DATA TO USE:
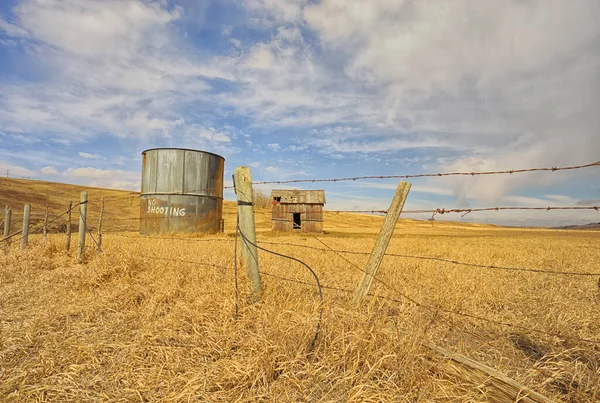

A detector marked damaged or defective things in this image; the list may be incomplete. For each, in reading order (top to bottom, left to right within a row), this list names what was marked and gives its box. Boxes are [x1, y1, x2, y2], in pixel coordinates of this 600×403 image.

rusty metal tank [139, 150, 224, 235]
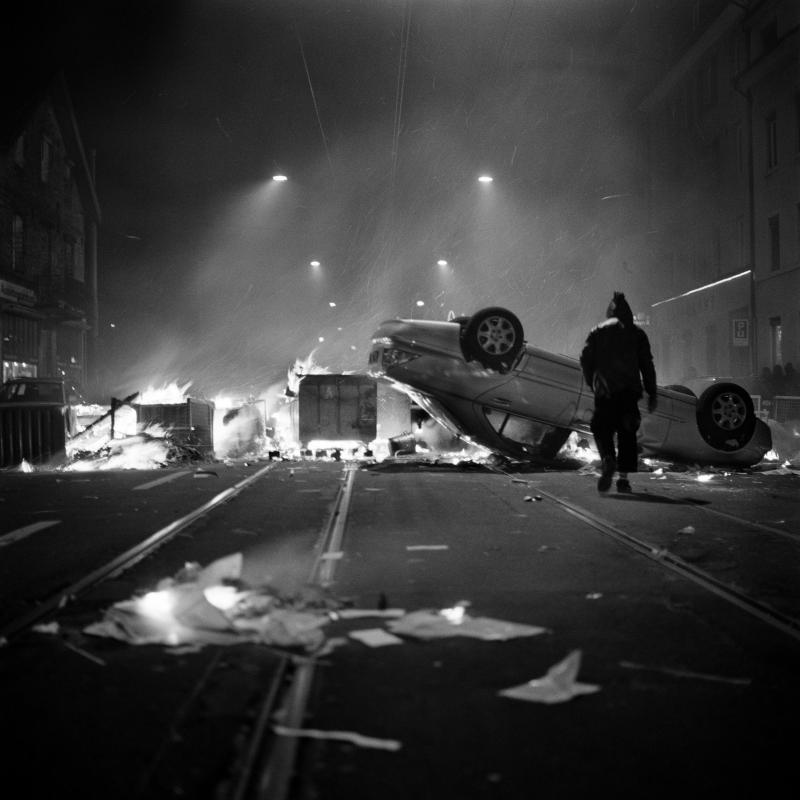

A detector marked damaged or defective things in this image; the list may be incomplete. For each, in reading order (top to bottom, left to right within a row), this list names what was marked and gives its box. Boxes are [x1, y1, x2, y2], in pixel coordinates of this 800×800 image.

overturned car [368, 306, 768, 468]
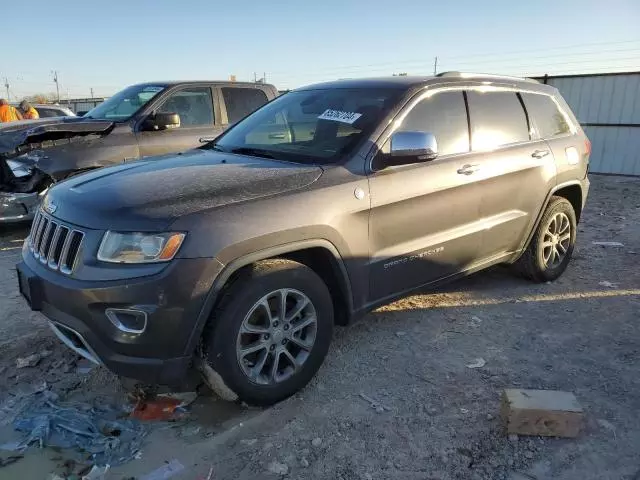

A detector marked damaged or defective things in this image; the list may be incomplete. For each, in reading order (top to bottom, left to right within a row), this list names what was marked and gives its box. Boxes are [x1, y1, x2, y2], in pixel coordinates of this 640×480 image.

damaged pickup truck [0, 80, 278, 223]
wrecked car [1, 81, 278, 224]
broken headlight on wrecked car [97, 232, 185, 264]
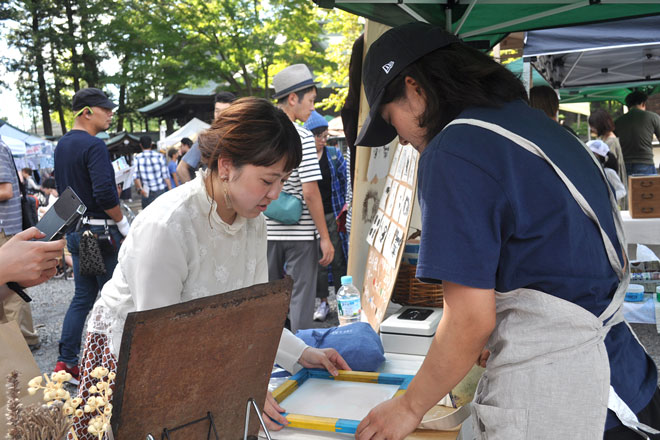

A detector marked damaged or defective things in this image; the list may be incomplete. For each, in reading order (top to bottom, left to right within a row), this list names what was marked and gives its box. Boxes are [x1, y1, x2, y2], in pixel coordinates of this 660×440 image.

rusty metal plate [111, 276, 292, 438]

WHAT IS EXPECTED:
Copy out exactly the lines that run from the line containing "this 640×480 image." through the last line of the material, and nothing more; omit the pictures.

REPLY TO THE EXERCISE:
A detector marked damaged or defective things in this image; the list may be incomplete. For each, in reading order (top to bottom, left to right within a row), this list names what was marked and gives its box. Boxes are [x1, y1, x2, y2], in pixel coordinates of this 640×480 image.

damaged pickup truck [0, 80, 278, 223]
wrecked car [1, 81, 278, 224]
broken headlight on wrecked car [97, 232, 185, 264]

A detector marked damaged or defective things in this image; the list may be incomplete. For each, in reading order (top to bottom, left to right within a row), this list names what was marked and gives its box. Boxes are [x1, y1, x2, y2], in pixel coordinates of this 660×440 image.

rusty metal plate [111, 276, 292, 438]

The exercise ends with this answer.